Understandably, hand waving "public transit" as the answer does make sense. Designing urban centres in such a way to make public transit preferable makes sense. The problem is that these changes are slow. In 20 years, you'll have a few new suburbs built with these practices in mind. The majority of everything else will still be the same, because it's not feasible to bulldoze existing infrastructure to replace it. It'll need to be aged out, and climate change isn't gonna stop for 100 years and wait for us to get our road placement juuuuuust right. Further, adding more public transit is expensive, with a high up front cost, plus a high maintenance cost ongoing. Unless you dump enough money into it such that it completely replaces the need for private vehicles, there will always be private vehicles regardless.

But the greatest benefit to EV is the pollution is centralized. Making vehicles will always suck for the environment, full stop, but EVs allow the production and majority of the pollution to occur at a relatively small number of places, which can be contained much easier.

To be absolutely clear, I don't disagree with your point, but the answer won't come overnight, and we're on a time crunch. We need lots of innovation, and early adoption of incremental gains. One day, public transit and better cities will be part of the solution. But until then, we need solutions, and this is the direction to progress.

[–] [email protected] 1 points 9 months ago* (last edited 9 months ago) (1 children)

I'm not against change, and I encourage it. But We also can't put all of our eggs in one basket. I am glad people are buying EVs, but we can't let a market for an inherently disposable item dominate over another option (ICE vehicles) that will outlast an EV a substantial proportion of the time. The automotive producers are licking their lips at the thought of getting us all into vehicles that will be be effectively unusable in 10 or 15 years--batteries age with use and also time, unlike steel and aluminum.

I am an environmental engineer and I have worked on remediation projects for oil and gas, as well as other types of natural resource exploitation such as mines. The damage caused by mining metals from the ground is extreme, and it will last decades, if not forever. "Centralizing" pollution isn't a good thing--we're best off distributing our pollution so that the Earth can have a fighting chance of repairing it piece by piece, which may never happen in areas that have undergone certain types of mining and other industry. Look at an old oil and gas site, and you would never even know it was there after 10 or 50 years. CO2 is a problem, for sure, and so is methane, but methane degrades in the atmosphere after just over a decade. Mining causes damage to the air, ground water and surface water, and to the nearby wildlife. Look up Tar Creek in Oklahoma, the Questa Moly Mine in New Mexico, and do you remember what happened in Colorado when the EPA accidentally released an entire mine full of acid drainage into the nearby river? Nothing but dead marine life for miles and miles. Mines take some of our most beautiful natural areas and destroy them.
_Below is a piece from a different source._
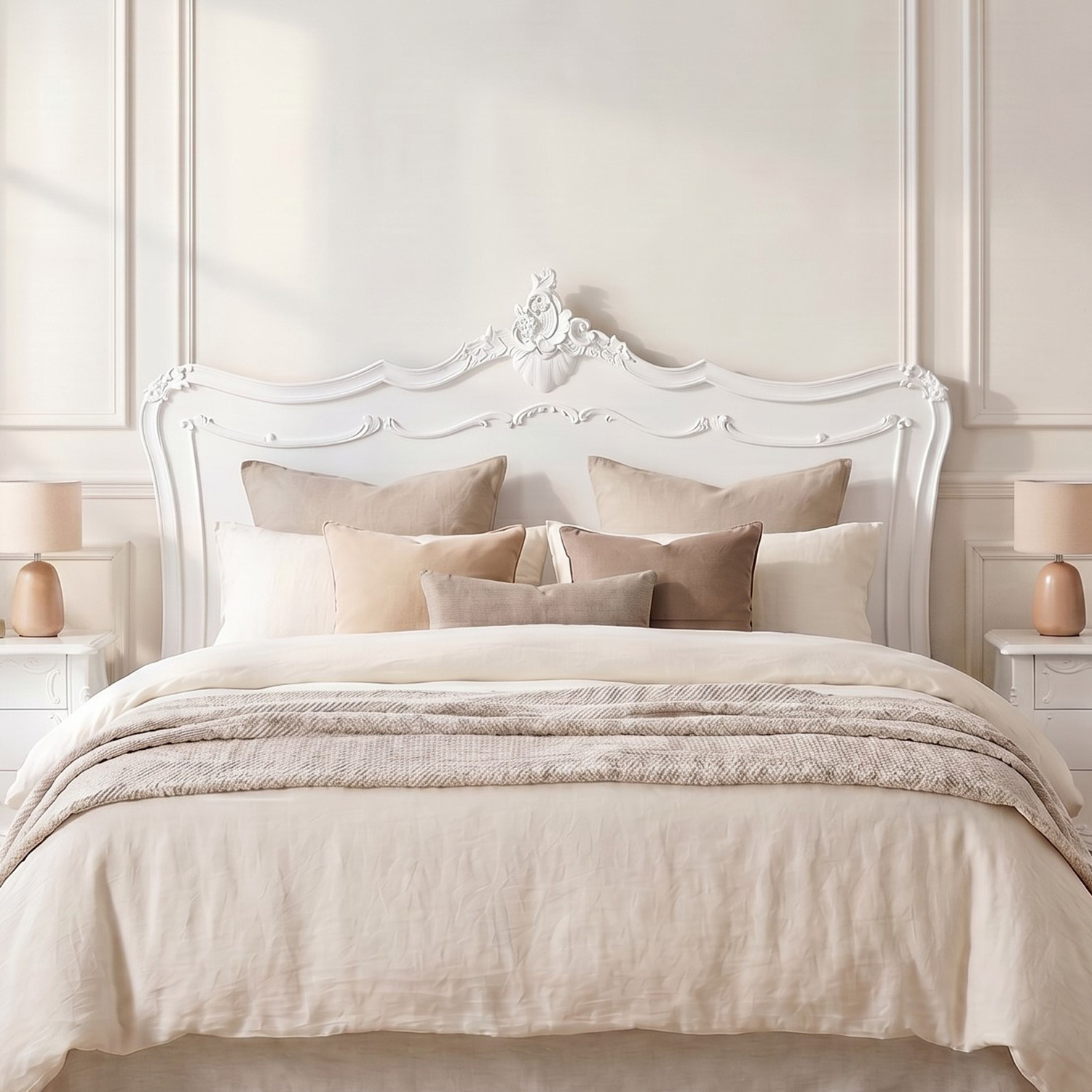 French Provincial Classic Headboard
If you think modern mines are going to circumvent all of these issues, they aren't. They're going to have accidents and cause damage just the same as the fossil fuel industry--some ways, even worse.

[–] Peppycito 1 points 9 months ago (1 children)

The automotive producers are licking their lips at the thought of getting us all into vehicles that will be be effectively unusable in 10 or 15 years-

I see it like that too. The enshittification of the automobile. I am not putting my money down to bet against that just yet.

[–] [email protected] 2 points 9 months ago (1 children)

If this take was true the headline would be the opposite. They're not living their lips, they're trying to not sell any because they want money from expensive ICE maintenance.

[–] Peppycito 1 points 9 months ago

That's on the dealer end. The manufacturer end wants to keep selling cars. They can both be happening at the same time.